▶ _AVAILABLE DATA_
+++
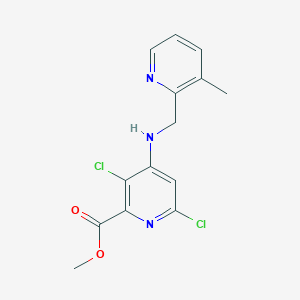 Methyl 3,6-dichloro-4-(((3-methylpyridin-2-yl)methyl)amino)picolinate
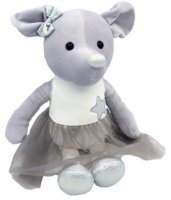 Babyono Plyšová hračka Tulilo Myška Lila, 33 cm - šedá
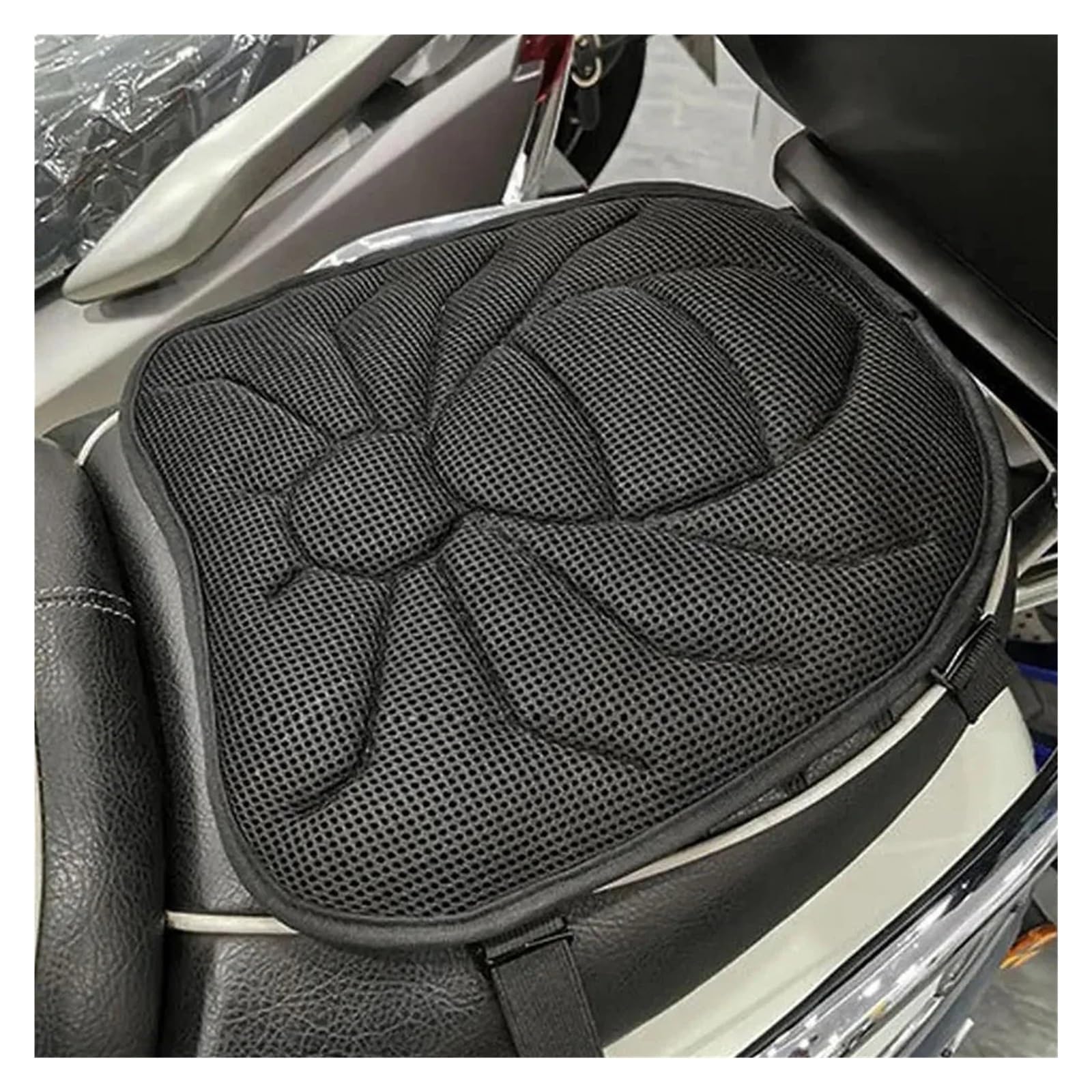 Motorräder Sitzpolster Motorrad-Sitzbezug-Kissen 3D-Komfort-Dekompressionsbezug Absorbierendes Druckentlastungskissen Motorradzubehör Motorräder Sitzpolster Motorrad-Sitzbezug-Kissen 3D-Komfort-Dekompressionsbezug Absorbierendes Druckentlastungskissen Motorradzubehör von OSNFTXPED
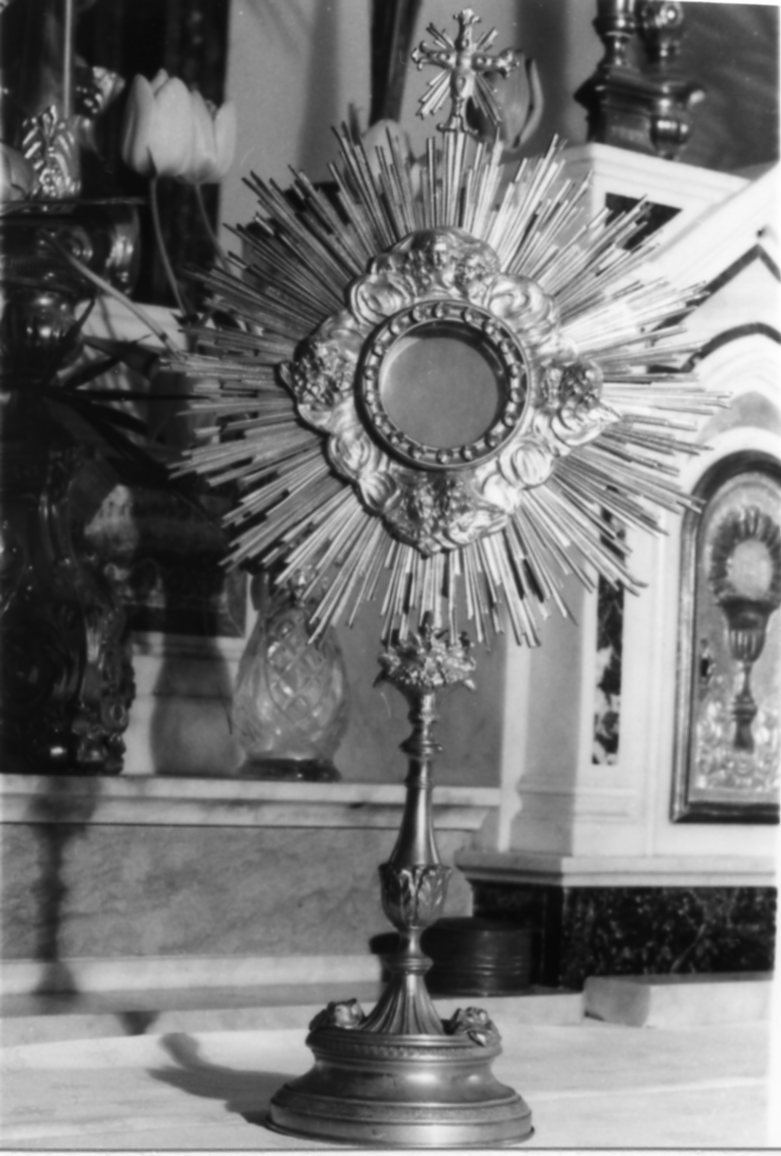 ostensorio - a raggiera - bottega modenese (?) (prima metà sec. XIX)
+++
▶ _REQUIRED WORK_
Give the data above again exactly. Leave the pictures out.

▶ _SOLUTION BELOW_
 Methyl 3,6-dichloro-4-(((3-methylpyridin-2-yl)methyl)amino)picolinate
 Babyono Plyšová hračka Tulilo Myška Lila, 33 cm - šedá
 Motorräder Sitzpolster Motorrad-Sitzbezug-Kissen 3D-Komfort-Dekompressionsbezug Absorbierendes Druckentlastungskissen Motorradzubehör Motorräder Sitzpolster Motorrad-Sitzbezug-Kissen 3D-Komfort-Dekompressionsbezug Absorbierendes Druckentlastungskissen Motorradzubehör von OSNFTXPED
 ostensorio - a raggiera - bottega modenese (?) (prima metà sec. XIX)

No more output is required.